Task:
Among the lines of data below, reproduce only those from the one with "Photo du 21" through the one with "Apartament cu 3", exactly as they stand, both ends included.

(Data to examine)

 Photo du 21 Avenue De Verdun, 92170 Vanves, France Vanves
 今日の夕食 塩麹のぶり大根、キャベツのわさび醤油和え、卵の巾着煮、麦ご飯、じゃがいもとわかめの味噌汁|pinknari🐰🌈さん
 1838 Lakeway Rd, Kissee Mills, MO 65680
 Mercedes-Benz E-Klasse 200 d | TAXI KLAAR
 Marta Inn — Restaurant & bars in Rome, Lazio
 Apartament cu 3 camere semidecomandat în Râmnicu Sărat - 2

(End Data to examine)
(Data to examine)

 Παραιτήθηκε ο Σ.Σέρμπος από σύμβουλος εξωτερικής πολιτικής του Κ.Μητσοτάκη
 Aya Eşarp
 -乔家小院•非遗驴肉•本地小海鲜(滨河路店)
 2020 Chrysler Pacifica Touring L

(End Data to examine)
(Data to examine)

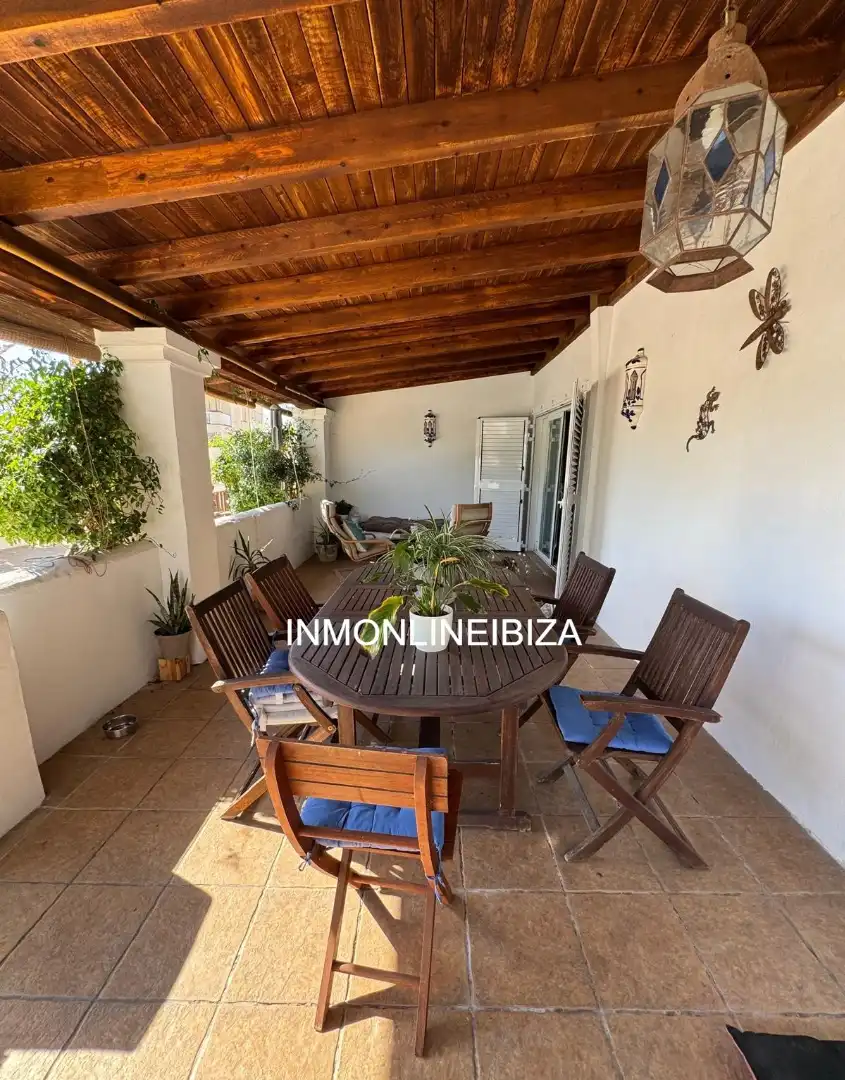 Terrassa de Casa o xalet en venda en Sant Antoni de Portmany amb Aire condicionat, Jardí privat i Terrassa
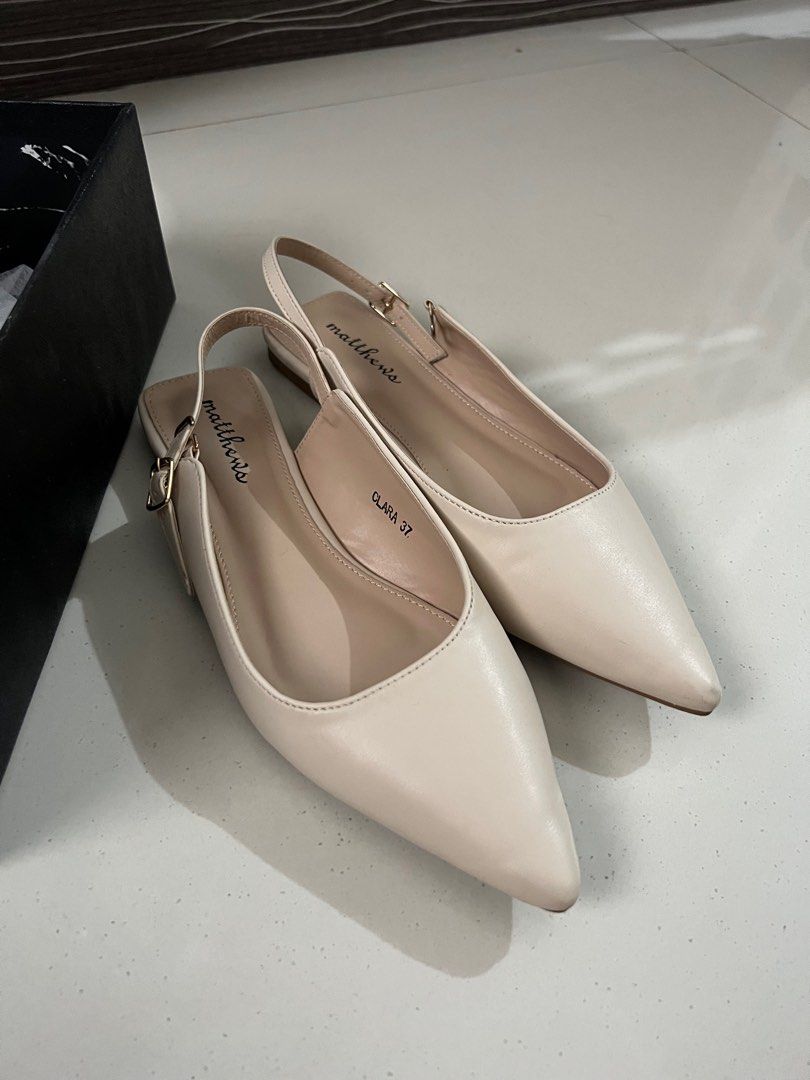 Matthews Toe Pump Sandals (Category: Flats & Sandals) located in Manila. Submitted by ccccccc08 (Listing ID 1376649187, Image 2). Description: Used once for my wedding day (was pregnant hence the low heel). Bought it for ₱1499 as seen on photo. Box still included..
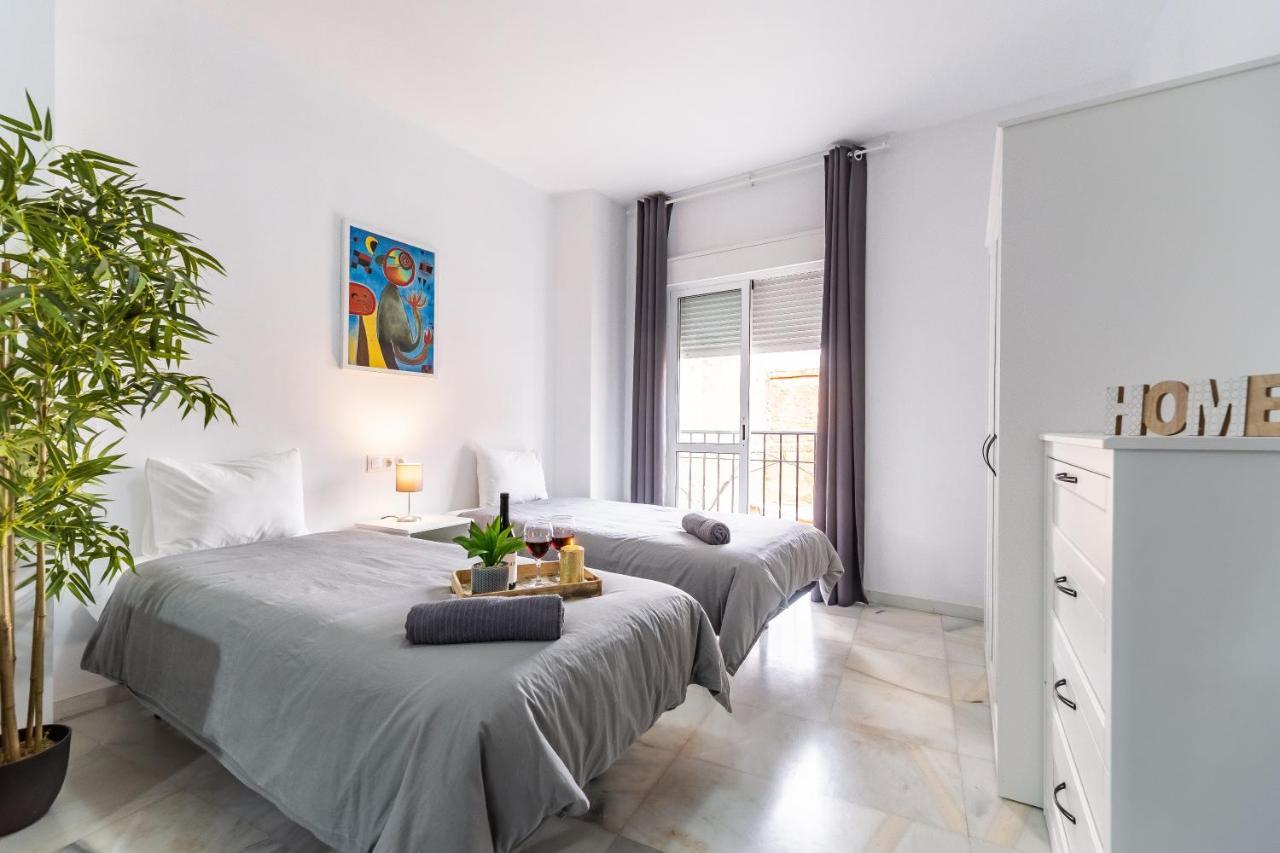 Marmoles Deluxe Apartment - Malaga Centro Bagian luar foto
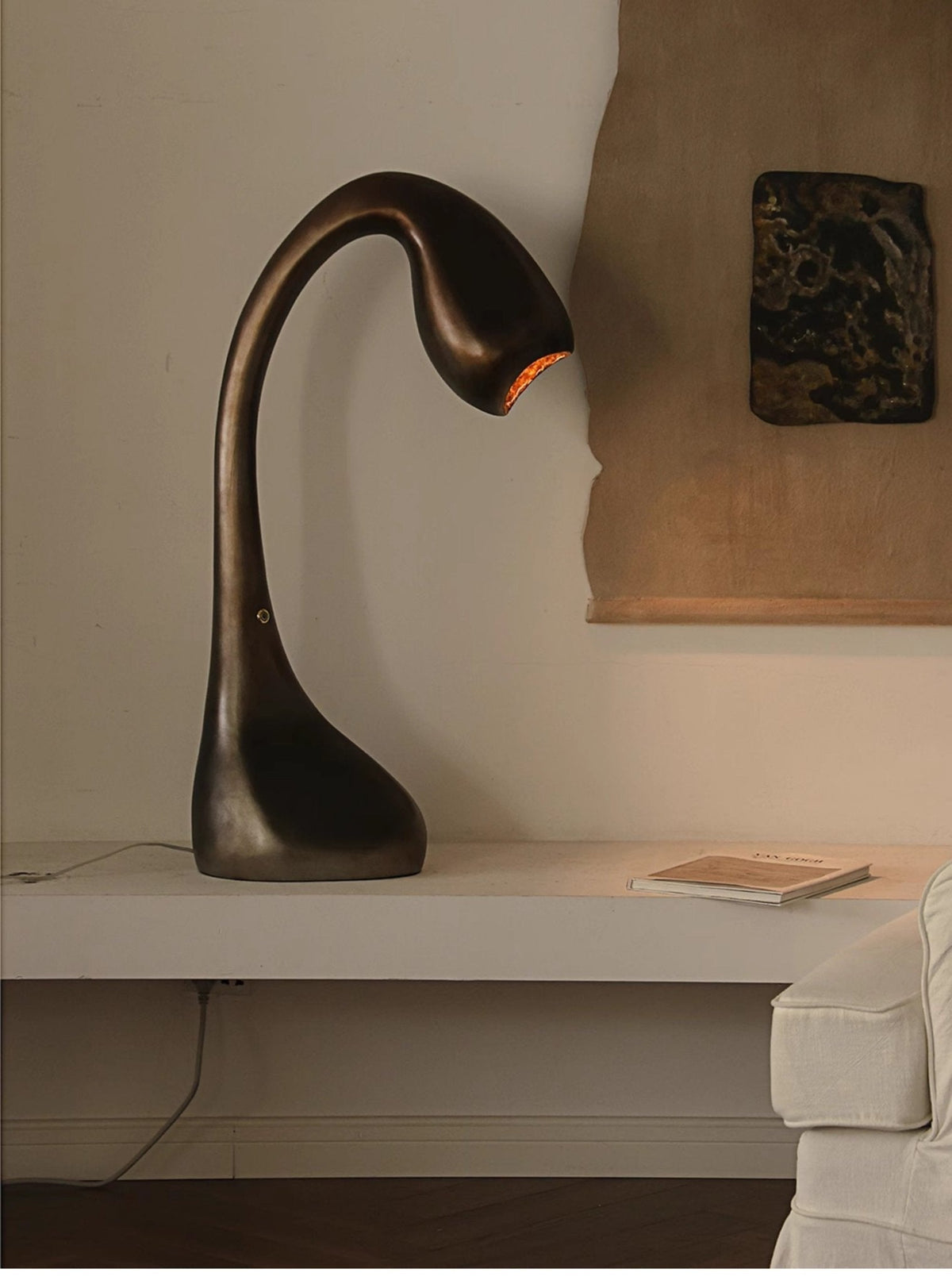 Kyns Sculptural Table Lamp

(End Data to examine)

Solution below:
 Photo du 21 Avenue De Verdun, 92170 Vanves, France Vanves
 今日の夕食 塩麹のぶり大根、キャベツのわさび醤油和え、卵の巾着煮、麦ご飯、じゃがいもとわかめの味噌汁|pinknari🐰🌈さん
 1838 Lakeway Rd, Kissee Mills, MO 65680
 Mercedes-Benz E-Klasse 200 d | TAXI KLAAR
 Marta Inn — Restaurant & bars in Rome, Lazio
 Apartament cu 3 camere semidecomandat în Râmnicu Sărat - 2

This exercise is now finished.